Keywords: breast cancer, Ki67, p53, prognostic factor, predictive factor
Introduction
For the majority of patients with early breast cancer, adjuvant systemic therapy is recommended following primary surgery to reduce the risk of breast cancer recurrence and to increase the likelihood of a cure. Approximately 70% of breast cancers express estrogen receptor (ER), and ER status is a powerful predictor of response to therapies that inhibit estrogen synthesis or block the action of its receptor (1). Endocrine therapies are established in the adjuvant setting (2–4). It is important to distinguish patients with ER-positive tumors at high risk for recurrence who require additional chemotherapy, from those for whom adjuvant endocrine therapy alone may suffice, as the economic burden and toxicities of chemotherapy must be minimized (5). Multi-gene assays are strong candidate tools for predicting the risk of recurrence in ER-positive patients (6). However, classification using multi-gene expression analyses is not appropriate for everyday practice. According to the St. Gallen Consensus Conference held in 2013, the intrinsic subtype affects the indication for adjuvant chemotherapy and surrogate definitions of subtype may be obtained by immunohistochemistry (IHC) of ER, progesterone receptor (PgR), Ki67 and human epidermal growth factor receptor 2 (HER2) (7).
For practical purposes, in order to reliably distinguish between ‘luminal A’ (more endocrine-sensitive, more indolent and better prognosis) and ‘luminal B (HER2-negative)’ (less endocrine-sensitive, more aggressive and worse prognosis) breast cancer subtypes, Ki67 may be used as a proliferative index in addition to ER and PgR status. At the St. Gallen Consensus Conference, the majority of the expert panel voted that a threshold of ≥20% should be defined as ‘high’ Ki-67 status (7).
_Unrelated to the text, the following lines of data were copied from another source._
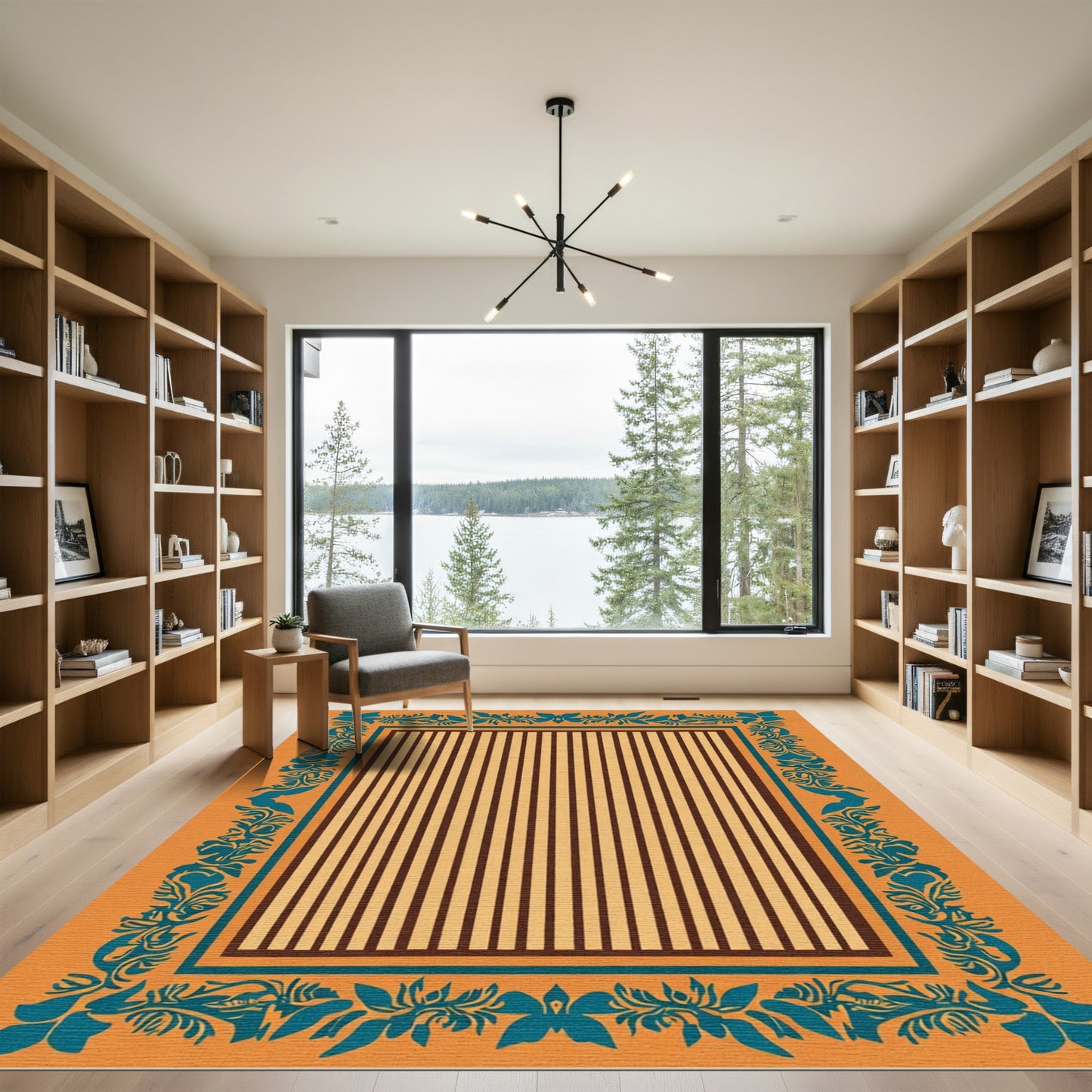 Teal Floral Bordered Stripe Rug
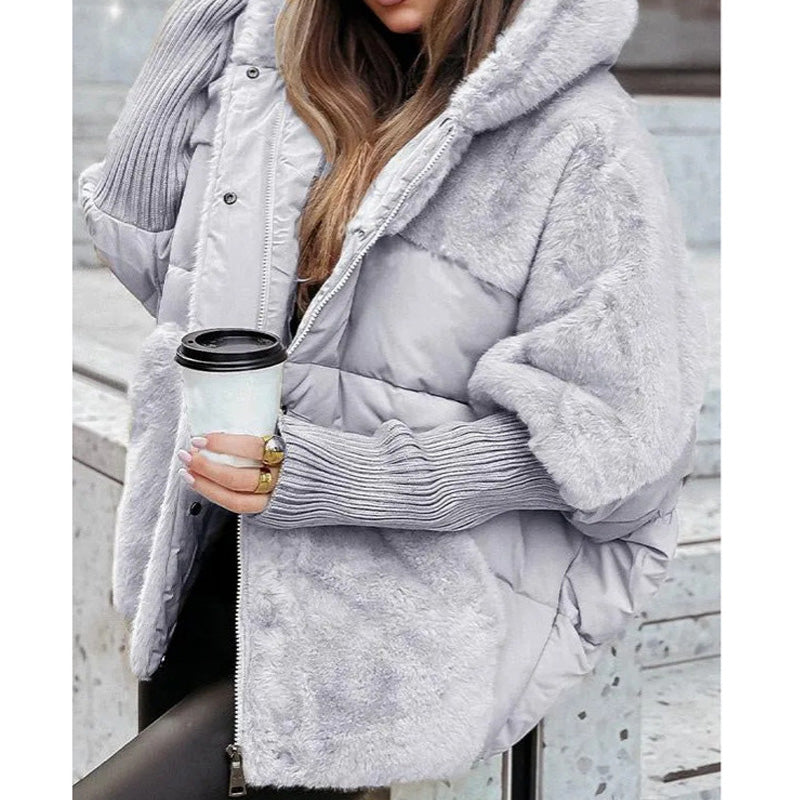 🔥Vorwärmung für den Winter – Riesige Rabatte🔥Damen Oversized Pufferjacke mit Kapuze im Patchwork-Design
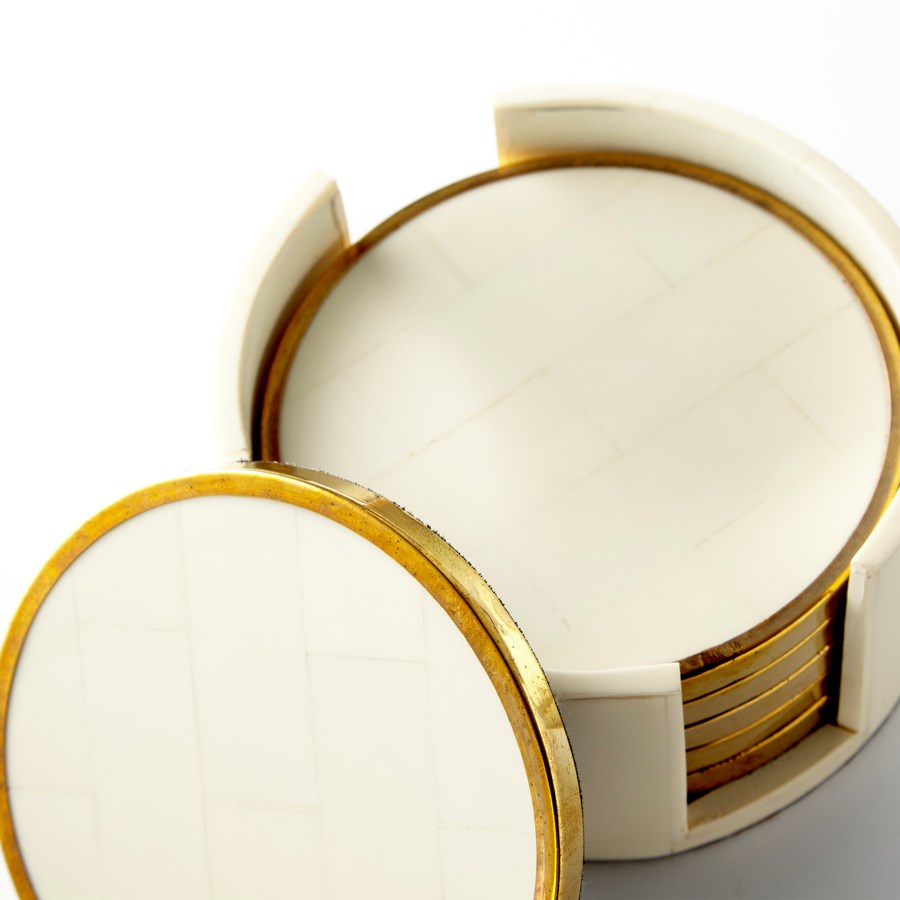 White and brass coaster set - The Nifty Decor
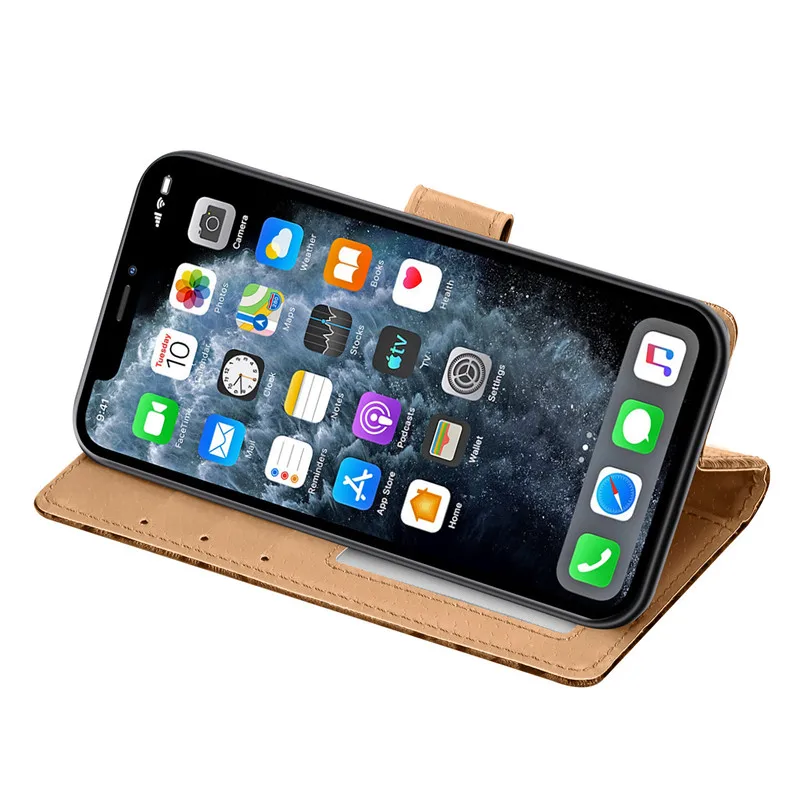 Кожаный чехол-кошелек для iPhone 7 8 Plus модный леопардовый чехол-книжка 11 Pro XS Max X XR 6 6s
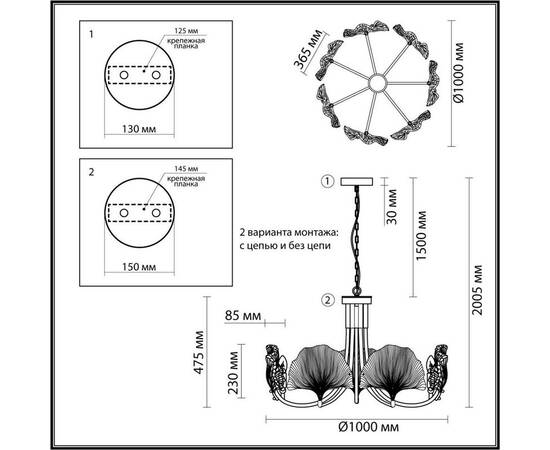 Подвесная люстра Odeon Light Hall Ventaglio 4870/7, изображение 2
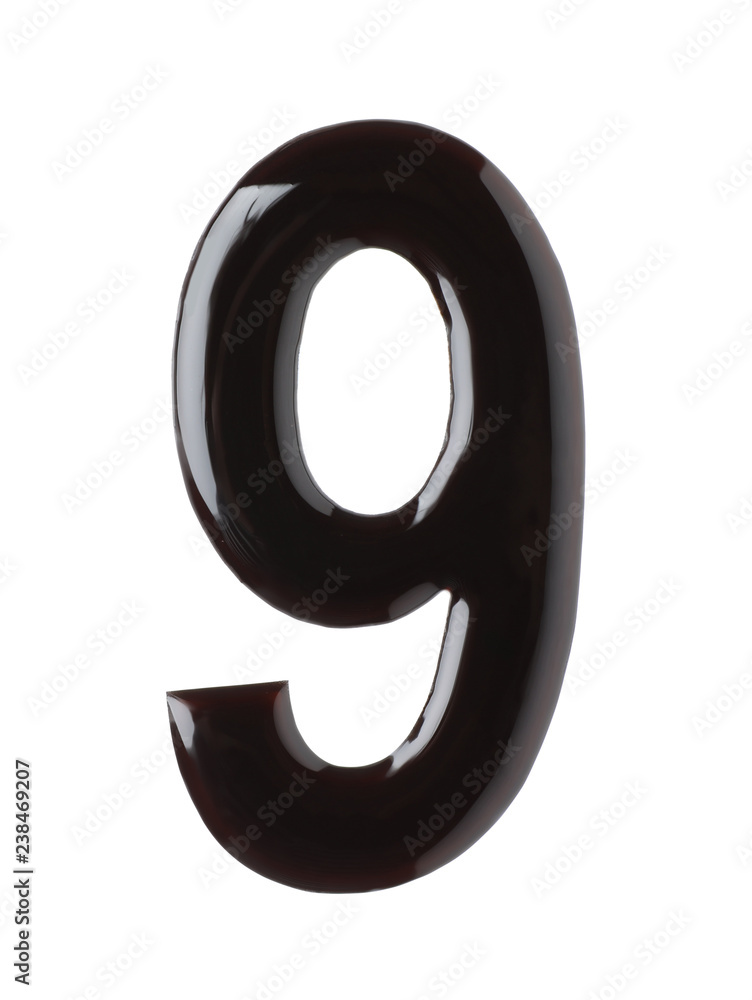 Chocolate number 9 on white background, top view Chocolate number 9 on white background, top view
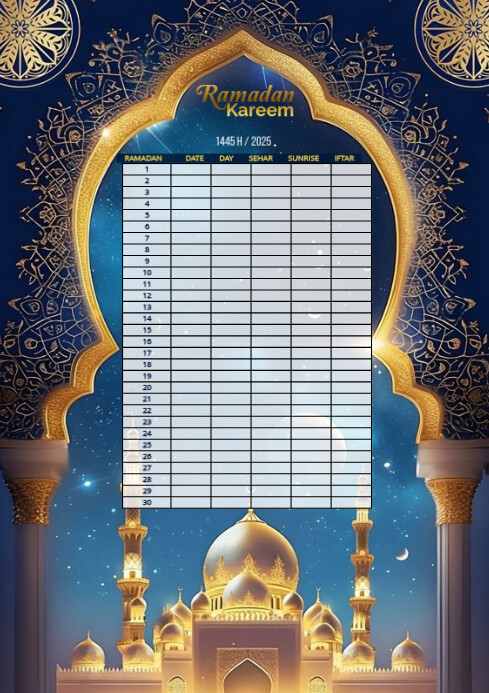 ramadan calendar template ramadan calendar template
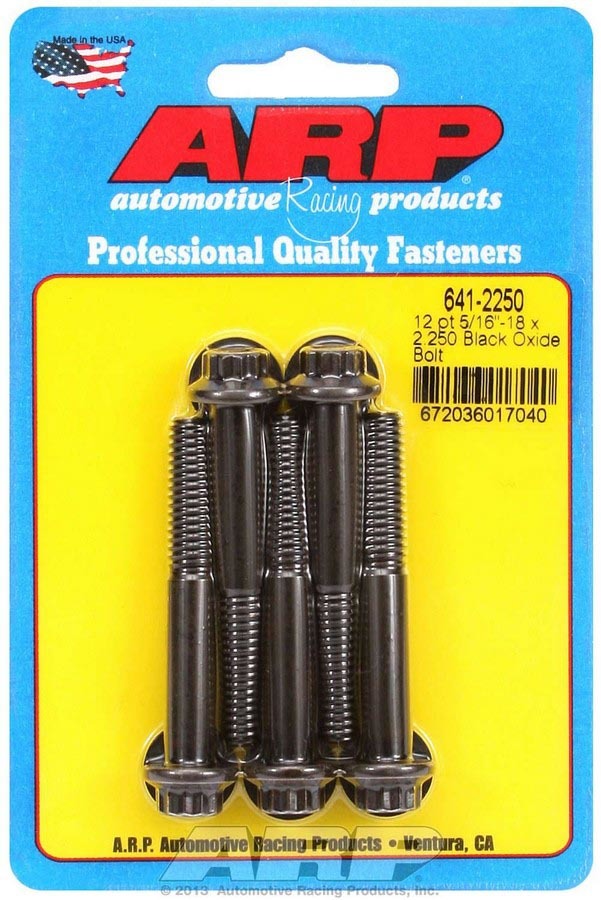 ARP Bolt Kit 641-2250, 5/16-18 Thread, 2.25 Inch Length, 3/8 Inch 12-Point Head, Chromoly with Black Oxide Finish, Set of 5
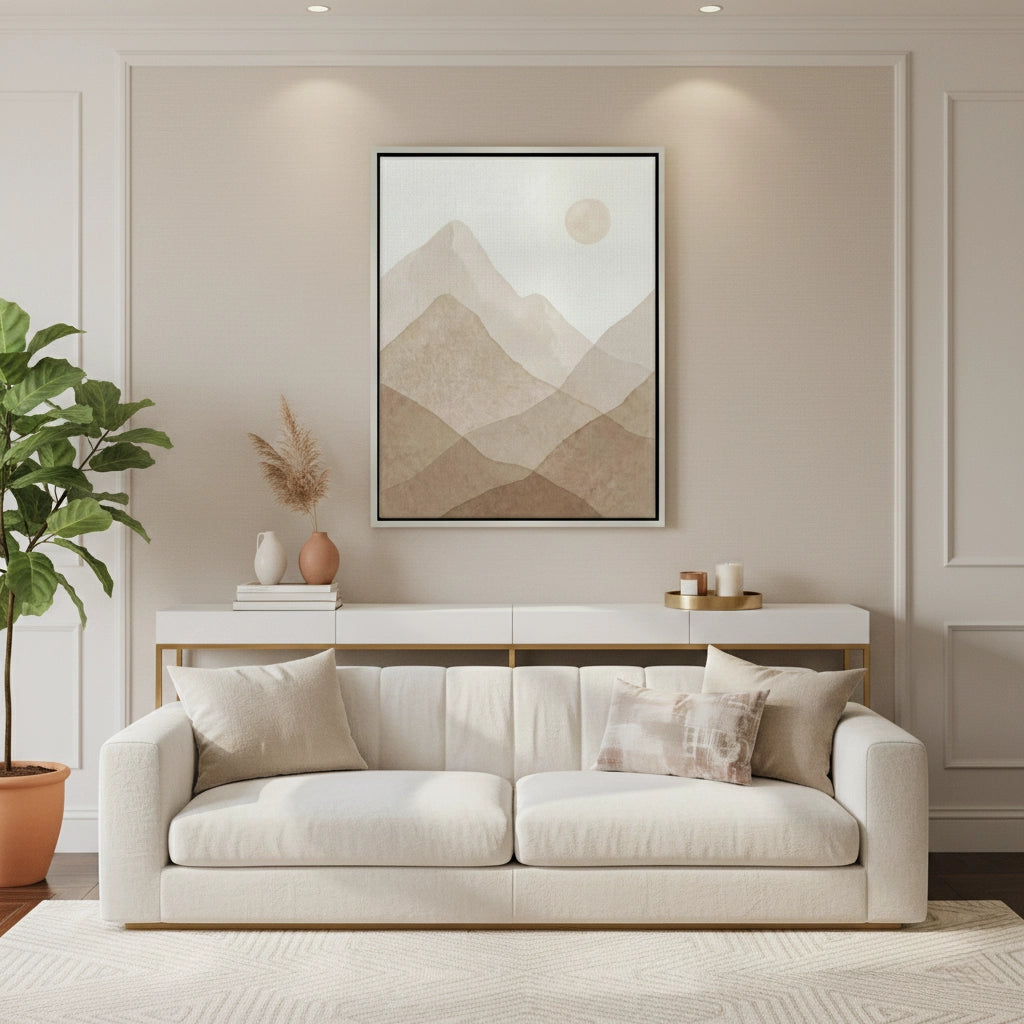 2Sepia Tone Mountain Range - Canvas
The cut-off value of Ki67 for high proliferation remains unclear.
Breast cancers expressing high levels of Ki67, which is a nuclear marker of cell proliferation, are associated with worse outcomes (8–10). However, a standard operating procedure has not been established, and the inter-laboratory and inter-study comparabilities of Ki67 are limited (11–13). Therefore, laboratory-specific procedures and cut-off values must be examined in order to use Ki67 as an appropriate prognostic marker (7).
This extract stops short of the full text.